» **What to work on**
With nothing added or left out, output the listing that follows.

» **Dataset extract**
□ □ □
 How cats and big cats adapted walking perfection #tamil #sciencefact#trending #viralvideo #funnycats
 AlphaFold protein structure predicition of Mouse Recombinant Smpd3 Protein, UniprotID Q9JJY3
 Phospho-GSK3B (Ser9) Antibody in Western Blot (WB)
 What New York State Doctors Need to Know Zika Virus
□ □ □
» **Exercise solution**
 How cats and big cats adapted walking perfection #tamil #sciencefact#trending #viralvideo #funnycats
 AlphaFold protein structure predicition of Mouse Recombinant Smpd3 Protein, UniprotID Q9JJY3
 Phospho-GSK3B (Ser9) Antibody in Western Blot (WB)
 What New York State Doctors Need to Know Zika Virus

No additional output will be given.